Diriwayatkan bahwa seorang laki-laki datang menghadap Rasulullah saw. dan dia melihat kawanan kambing yang sangat besar berada di sebuah lembah di antara dua gunung. Dia berkata kepada beliau saw, “Mohon berikanlah ini kepada saya.” Beliau saw. tanpa ragu-ragu memberikan semua itu kepadanya. Orang tersebut membawa kawanan kambing itu kepada kaumnya dan berkata, “Wahai kaumku, berimanlah kepada Muhammad saw. Beliau memberikan begitu banyak sehingga tidak ada rasa takut sedikit pun terhadap kemiskinan dan kekurangan.” Para penulis sejarah nabi telah menulis bahwa peristiwa ini juga terjadi pada kesempatan yang sama. Ini adalah riwayat hadis. Selain itu masih ada peristiwa-peristiwa lain yang insyaallah akan disampaikan kemudian.

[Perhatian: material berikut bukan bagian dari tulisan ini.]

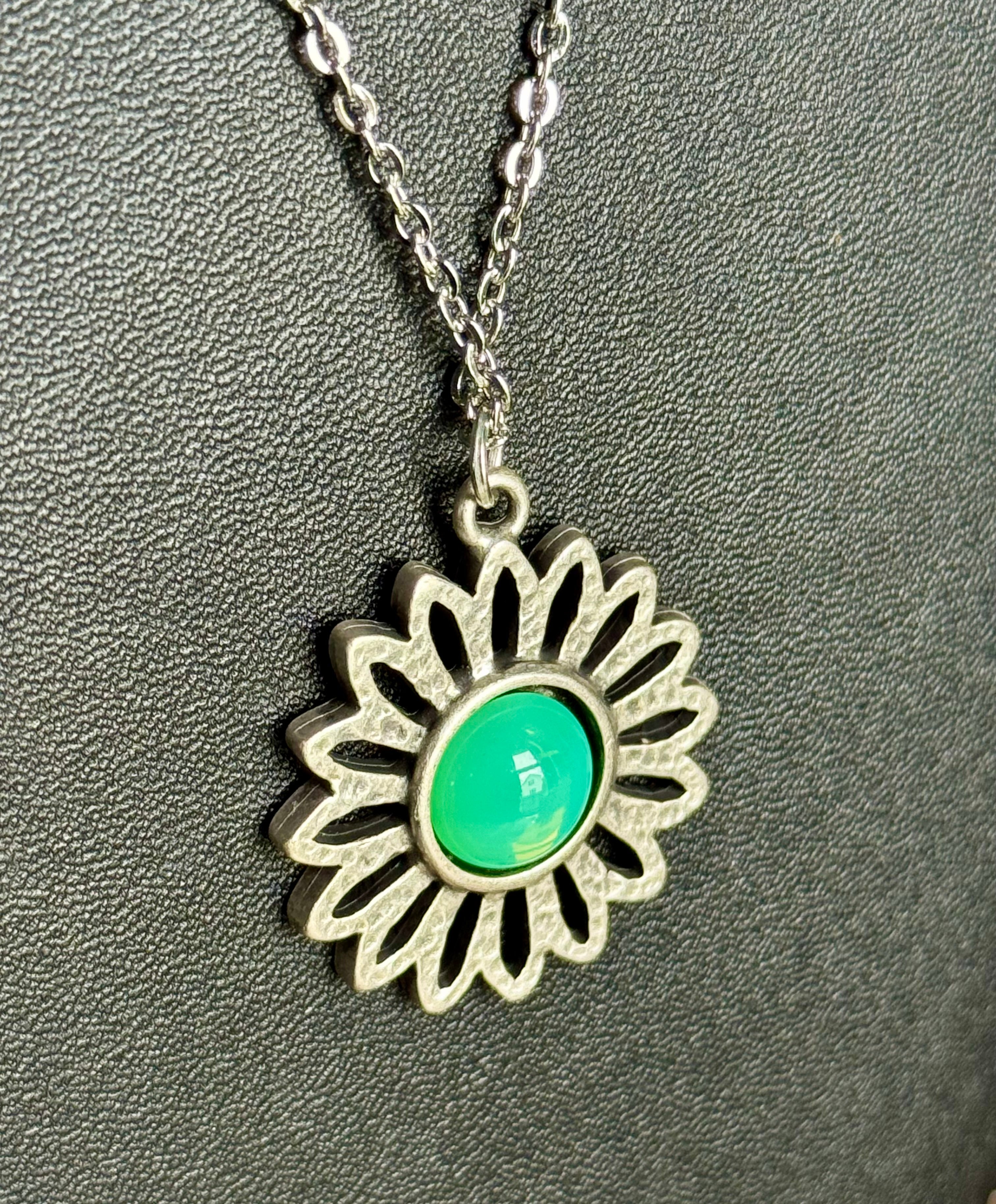 *URANIUM GLASS* vintage pendant necklace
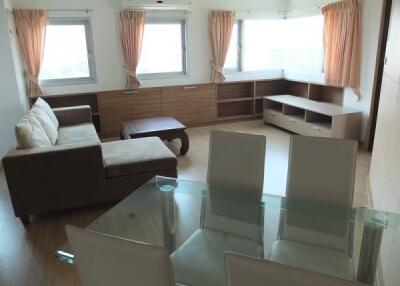 For RENT : P.W.T Mansion / 1 Bedroom / 1 Bathrooms / 85 sqm / 35000 THB [R11156]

Pada kesempatan ini saya ingin menyebutkan beberapa orang almarhum yang juga akan saya salatkan jenazahnya setelah Jumat. Yang pertama adalah almarhum Mukarram Fahimuddin Nasir Sahib yang merupakan mubalig jemaat di Romania. Beberapa hari yang lalu beliau wafat pada usia lima puluh dua tahun, innā lillāhi wa-innā ilaihi rāji‘ūn. Dengan karunia Allah Taala beliau adalah musi. Ahmadiyah masuk dalam keluarga beliau terjadi melalui kakek buyutnya Hazrat Mirza Alam Din Sahib yang mendapat karunia baiat kepada Hazrat Masih Mau’ud
a.s. melalui surat. Pertama, seorang imam Masjid, Nur Muhammad Sahib dari desa Lodhi Nangal yang terletak dekat Qadian datang setelah melakukan baiat kepada Hazrat Masih Mau’ud a.s. Setelah kembali ke desa beliau mengumumkan bahwa Imam Mahdi telah datang dan adalah sosok yang benar, maka terimalah ia. Setelah itu di antara orang-orang yang melakukan baiat melalui surat adalah Mirza Alam Din juga.

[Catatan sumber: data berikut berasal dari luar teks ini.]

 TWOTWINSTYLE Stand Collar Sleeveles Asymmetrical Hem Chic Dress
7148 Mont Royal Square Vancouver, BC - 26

Fahim-ud-Din Nasir Sahib lulus dari Jamiah pada bulan Juni 1996 kemudian beliau ditugaskan di berbagai tempat di Pakistan dan kemudian beliau juga mengambil spesialisasi dalam Tafsir Quran.

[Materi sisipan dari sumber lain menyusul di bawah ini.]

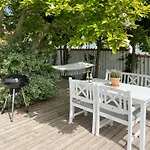 Holsteinshus Bed & Breakfast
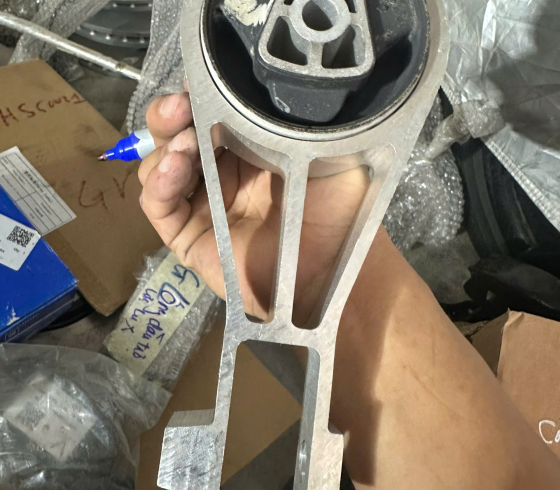 CHÂN ĐỠ MÁY/HỘP SỐ FADILL - CHÍNH HÃNG MỚI 100%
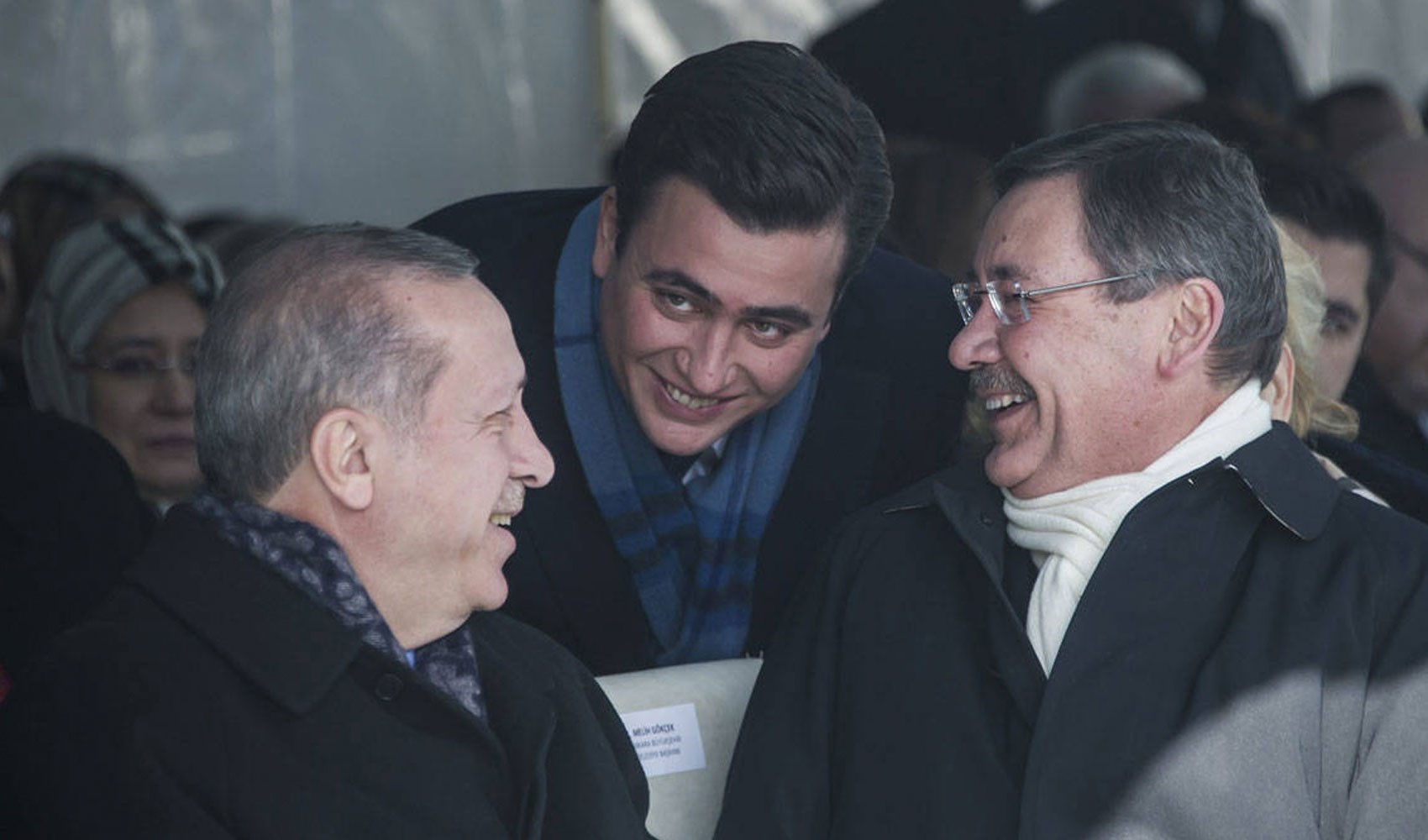 Oğlu yumruk atmıştı: Melih Gökçek'ten Mahmut Tanal'a yönelik tepki çeken 'nakavt' paylaşımı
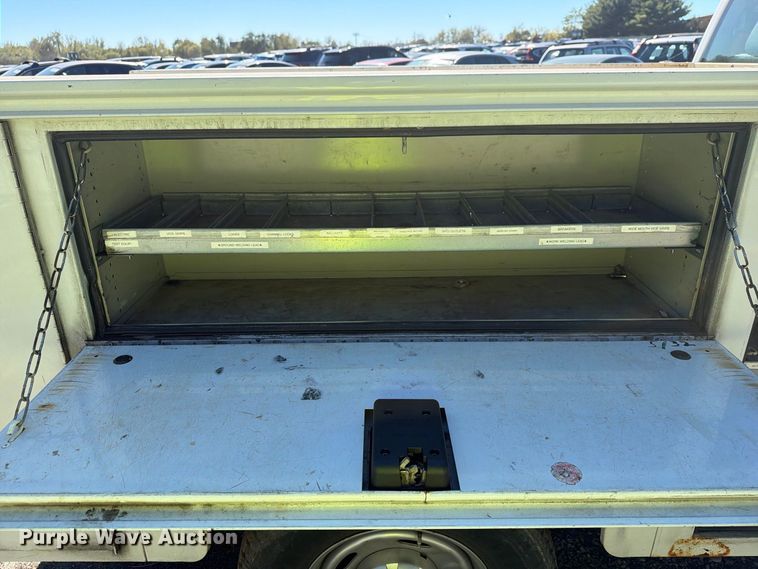image for item YA5121 2015 Ford F250 Super Duty utility bed pickup truck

Pada tahun 2006 beliau dikirim ke Romania dan sampai wafat beliau terus memperoleh taufik untuk berkhidmat di sana. Istri beliau Nasirah Fahim menulis: beliau adalah seorang suami yang istimewa. Beliau memahami perasaan saya tanpa saya mengatakannya; beliau adalah seorang ayah yang sangat perhatian.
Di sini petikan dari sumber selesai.